Clotilde Pouzergue, maire et conseillère métropolitaine d’Oullins, s’est exprimée en conseil de la Métropole du 5 novembre 2018 sur son inquiétude sur le devenir des missions locales jeunes.

 

Le 18 juillet 2018, le Premier ministre a annoncé, à l’issue d’un atelier « Action publique 2022 » consacré au service public de l’emploi, la volonté d’encourager des  fusions entre les Missions Locales et les agences de Pôle Emploi sous forme expérimentale.
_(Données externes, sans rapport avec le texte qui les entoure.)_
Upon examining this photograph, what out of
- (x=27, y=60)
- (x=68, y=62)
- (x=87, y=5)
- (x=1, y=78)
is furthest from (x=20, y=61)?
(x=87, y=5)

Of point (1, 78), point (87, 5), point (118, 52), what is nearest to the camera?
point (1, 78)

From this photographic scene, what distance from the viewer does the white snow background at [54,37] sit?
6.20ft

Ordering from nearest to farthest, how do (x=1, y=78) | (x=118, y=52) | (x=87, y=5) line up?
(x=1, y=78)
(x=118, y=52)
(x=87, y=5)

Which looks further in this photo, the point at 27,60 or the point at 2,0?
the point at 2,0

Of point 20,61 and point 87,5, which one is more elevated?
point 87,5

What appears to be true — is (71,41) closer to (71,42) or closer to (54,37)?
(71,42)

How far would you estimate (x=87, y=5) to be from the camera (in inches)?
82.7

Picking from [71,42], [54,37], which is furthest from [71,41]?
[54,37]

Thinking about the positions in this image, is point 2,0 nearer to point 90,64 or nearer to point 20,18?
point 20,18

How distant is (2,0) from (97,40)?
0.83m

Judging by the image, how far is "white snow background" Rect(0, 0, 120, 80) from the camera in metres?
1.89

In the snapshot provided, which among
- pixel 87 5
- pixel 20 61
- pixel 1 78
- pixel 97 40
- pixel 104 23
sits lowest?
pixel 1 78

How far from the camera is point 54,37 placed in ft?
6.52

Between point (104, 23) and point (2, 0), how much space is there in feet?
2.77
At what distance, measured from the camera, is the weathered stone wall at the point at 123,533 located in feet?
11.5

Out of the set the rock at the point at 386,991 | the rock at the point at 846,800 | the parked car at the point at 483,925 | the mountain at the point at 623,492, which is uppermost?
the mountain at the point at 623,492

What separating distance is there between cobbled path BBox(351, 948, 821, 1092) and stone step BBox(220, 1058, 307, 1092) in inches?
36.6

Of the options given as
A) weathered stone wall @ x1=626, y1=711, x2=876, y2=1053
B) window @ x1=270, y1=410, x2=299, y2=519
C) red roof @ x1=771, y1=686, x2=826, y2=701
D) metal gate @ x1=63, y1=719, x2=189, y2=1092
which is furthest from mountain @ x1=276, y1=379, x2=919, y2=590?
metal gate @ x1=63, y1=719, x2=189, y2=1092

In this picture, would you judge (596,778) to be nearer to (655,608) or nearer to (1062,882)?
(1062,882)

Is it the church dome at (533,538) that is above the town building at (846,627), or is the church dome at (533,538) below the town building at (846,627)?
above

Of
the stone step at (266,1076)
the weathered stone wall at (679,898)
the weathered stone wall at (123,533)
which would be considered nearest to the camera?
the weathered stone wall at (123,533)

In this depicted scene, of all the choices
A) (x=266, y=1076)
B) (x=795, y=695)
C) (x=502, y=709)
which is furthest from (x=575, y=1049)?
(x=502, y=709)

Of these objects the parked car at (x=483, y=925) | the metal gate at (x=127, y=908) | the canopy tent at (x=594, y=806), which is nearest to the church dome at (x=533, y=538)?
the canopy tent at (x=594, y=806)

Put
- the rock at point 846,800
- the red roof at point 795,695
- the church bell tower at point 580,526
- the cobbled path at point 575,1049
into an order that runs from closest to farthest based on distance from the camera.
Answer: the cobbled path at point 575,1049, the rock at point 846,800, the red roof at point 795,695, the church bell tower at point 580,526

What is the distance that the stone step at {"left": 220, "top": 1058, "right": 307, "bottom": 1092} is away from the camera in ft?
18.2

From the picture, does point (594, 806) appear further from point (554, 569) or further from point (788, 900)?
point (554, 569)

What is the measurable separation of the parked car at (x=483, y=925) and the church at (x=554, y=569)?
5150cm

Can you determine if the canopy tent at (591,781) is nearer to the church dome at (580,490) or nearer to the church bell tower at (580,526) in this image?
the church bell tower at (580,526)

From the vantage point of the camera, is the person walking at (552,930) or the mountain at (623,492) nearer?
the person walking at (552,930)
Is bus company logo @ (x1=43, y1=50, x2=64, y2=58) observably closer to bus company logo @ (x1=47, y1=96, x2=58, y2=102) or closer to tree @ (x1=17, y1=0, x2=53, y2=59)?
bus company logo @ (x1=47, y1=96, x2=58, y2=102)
Cette annonce a été faite sans concertation préalable avec le réseau des Missions Locales.

Les éventuelles expérimentations annoncées de fusion de Missions Locales avec Pôle Emploi, si elles sont mises en œuvre, sont de nature à remettre en cause à la fois la spécificité de l’accompagnement global et personnalisé des jeunes et l’ancrage territorial des Missions Locales, avec l’engagement politique et financier fort des élus, gages de la performance de leurs actions.
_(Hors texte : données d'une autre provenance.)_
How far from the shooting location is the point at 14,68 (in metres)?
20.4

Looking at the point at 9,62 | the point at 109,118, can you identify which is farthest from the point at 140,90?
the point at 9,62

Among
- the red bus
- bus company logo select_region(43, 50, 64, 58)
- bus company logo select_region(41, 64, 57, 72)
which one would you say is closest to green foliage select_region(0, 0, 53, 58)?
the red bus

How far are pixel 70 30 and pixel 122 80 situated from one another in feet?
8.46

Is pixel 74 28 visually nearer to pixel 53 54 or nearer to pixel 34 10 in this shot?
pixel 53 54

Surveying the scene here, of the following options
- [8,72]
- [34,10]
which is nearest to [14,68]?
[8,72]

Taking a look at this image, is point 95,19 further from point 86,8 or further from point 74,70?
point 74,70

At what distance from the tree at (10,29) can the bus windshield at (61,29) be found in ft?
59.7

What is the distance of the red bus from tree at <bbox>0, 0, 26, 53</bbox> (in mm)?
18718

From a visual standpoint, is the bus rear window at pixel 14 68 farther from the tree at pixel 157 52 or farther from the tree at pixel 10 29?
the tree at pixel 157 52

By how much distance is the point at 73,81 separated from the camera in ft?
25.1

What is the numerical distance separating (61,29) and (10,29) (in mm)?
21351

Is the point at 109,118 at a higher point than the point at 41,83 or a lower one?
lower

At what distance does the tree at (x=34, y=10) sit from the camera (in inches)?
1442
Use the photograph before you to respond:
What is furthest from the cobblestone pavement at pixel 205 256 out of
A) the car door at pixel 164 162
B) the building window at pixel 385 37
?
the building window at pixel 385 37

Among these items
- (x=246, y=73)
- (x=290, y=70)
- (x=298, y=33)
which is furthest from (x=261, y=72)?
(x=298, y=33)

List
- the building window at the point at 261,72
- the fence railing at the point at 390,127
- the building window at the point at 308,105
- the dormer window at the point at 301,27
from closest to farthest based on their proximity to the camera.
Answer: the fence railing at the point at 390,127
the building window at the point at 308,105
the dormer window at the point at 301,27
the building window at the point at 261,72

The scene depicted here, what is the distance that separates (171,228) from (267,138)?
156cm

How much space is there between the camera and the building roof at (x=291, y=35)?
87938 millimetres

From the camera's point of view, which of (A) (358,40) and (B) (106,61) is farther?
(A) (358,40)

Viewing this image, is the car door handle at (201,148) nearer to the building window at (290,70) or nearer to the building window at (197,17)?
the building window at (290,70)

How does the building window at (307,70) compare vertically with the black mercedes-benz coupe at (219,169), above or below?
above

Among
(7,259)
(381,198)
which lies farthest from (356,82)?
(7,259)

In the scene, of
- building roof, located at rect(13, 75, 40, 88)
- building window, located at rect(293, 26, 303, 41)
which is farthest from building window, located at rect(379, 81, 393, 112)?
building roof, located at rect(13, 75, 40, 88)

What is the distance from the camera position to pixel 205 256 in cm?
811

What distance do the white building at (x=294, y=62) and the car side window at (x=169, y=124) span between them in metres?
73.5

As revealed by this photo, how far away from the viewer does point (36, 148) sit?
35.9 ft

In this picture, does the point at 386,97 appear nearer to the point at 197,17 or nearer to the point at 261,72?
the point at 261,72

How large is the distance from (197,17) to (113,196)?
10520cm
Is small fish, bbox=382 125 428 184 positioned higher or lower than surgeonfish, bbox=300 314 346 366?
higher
Nous rappelons que les Missions Locales Jeunes accompagnent chaque année 1 400 000 jeunes. La connaissance des territoires et l’expertise de leur réseau acquises depuis plus de 35 ans font des Missions Locales un acteur incontournable dans l’accompagnement des jeunes vers l’emploi.

L’accompagnement des jeunes par les Missions Locales n’est pas le même que celui des demandeurs d’emploi. Il s’agit d’un accompagnement spécialisé qui peut intégrer un accompagnement à l’autonomie, à la mobilité, à la santé… Les outils d’accompagnement ne sont donc pas identiques. Les Missions Locales sont les acteurs territoriaux des politiques de jeunesse et les opérateurs du déploiement des dispositifs publics d’insertion sociale et professionnelle des jeunes.
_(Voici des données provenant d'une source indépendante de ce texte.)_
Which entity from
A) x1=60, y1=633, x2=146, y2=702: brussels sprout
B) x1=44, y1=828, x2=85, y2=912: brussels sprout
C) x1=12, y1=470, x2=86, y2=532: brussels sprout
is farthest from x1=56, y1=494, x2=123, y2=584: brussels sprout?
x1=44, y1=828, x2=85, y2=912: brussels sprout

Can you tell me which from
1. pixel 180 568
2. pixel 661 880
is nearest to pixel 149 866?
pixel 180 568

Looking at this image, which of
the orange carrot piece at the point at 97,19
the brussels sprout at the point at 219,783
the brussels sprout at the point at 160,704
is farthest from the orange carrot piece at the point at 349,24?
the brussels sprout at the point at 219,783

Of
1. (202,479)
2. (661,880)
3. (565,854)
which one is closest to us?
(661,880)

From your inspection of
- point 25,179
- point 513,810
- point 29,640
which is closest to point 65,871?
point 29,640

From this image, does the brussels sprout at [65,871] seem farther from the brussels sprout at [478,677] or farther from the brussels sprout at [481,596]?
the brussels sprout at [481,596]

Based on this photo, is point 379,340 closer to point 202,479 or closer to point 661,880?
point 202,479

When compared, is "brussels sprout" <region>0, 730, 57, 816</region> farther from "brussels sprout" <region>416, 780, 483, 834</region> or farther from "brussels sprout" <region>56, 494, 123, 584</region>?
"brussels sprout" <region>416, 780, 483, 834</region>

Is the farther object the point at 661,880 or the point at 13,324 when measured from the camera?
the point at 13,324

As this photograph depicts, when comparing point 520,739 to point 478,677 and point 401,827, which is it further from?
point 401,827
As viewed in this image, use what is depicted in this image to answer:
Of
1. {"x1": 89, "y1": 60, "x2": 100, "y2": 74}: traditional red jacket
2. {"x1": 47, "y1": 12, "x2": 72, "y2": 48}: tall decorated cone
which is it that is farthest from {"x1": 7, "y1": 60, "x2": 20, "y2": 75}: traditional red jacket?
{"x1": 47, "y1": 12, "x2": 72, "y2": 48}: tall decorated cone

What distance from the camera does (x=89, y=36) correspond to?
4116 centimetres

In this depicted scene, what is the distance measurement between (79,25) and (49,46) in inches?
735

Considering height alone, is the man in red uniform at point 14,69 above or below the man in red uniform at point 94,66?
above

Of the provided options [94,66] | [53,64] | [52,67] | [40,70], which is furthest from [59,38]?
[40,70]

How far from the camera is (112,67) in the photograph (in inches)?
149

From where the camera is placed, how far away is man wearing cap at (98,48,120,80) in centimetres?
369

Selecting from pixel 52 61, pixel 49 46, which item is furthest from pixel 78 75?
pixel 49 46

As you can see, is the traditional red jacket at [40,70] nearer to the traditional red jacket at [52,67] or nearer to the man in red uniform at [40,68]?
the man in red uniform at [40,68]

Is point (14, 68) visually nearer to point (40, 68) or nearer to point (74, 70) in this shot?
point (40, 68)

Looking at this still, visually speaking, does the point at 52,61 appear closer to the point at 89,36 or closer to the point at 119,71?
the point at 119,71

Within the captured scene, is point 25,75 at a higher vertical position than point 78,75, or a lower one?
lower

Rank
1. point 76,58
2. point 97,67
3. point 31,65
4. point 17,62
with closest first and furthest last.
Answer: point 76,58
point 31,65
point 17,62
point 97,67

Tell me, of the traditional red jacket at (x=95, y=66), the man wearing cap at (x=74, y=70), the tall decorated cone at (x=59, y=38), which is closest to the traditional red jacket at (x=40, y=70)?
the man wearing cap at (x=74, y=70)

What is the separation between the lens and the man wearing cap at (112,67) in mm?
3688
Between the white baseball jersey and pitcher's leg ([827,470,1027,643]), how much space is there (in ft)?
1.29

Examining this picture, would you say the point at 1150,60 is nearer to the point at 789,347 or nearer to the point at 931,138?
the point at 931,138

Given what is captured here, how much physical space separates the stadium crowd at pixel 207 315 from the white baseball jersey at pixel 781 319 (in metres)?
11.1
De plus, les Missions Locales ont un lien privilégié avec les élus locaux de par le travail partenarial mis en place  avec les communes. Chaque Mission Locale est présidée par un élu local. Or, la note d’explication du processus de rapprochement transmise aux directions régionales de Pôle Emploi indique que la procédure opérationnelle donne tout pouvoir aux directeurs territoriaux de Pôle Emploi. Malgré cela, la note précise que « la participation aux expérimentations doit s’accompagner d’un engagement des élus à maintenir le niveau de leurs subventions pendant toute la durée de l’expérimentation ». Les collectivités devront payer mais les représentants élus ne décideront plus !

L’ensemble des Présidents de Missions Locales, à travers l’Union Nationale des Missions Locales, quelle que soit leur appartenance politique, est fermement opposé à ce projet et une motion de l’Assemblée générale a été votée en ce sens.

La Métropole de Lyon demande donc au Gouvernement :

  • De clarifier ses intentions quant à l’avenir du réseau des Missions Locales
  • D’engager une concertation réelle avec les collectivités territoriales, les Missions Locales Jeunes et les partenaires de la politique de l’emploi.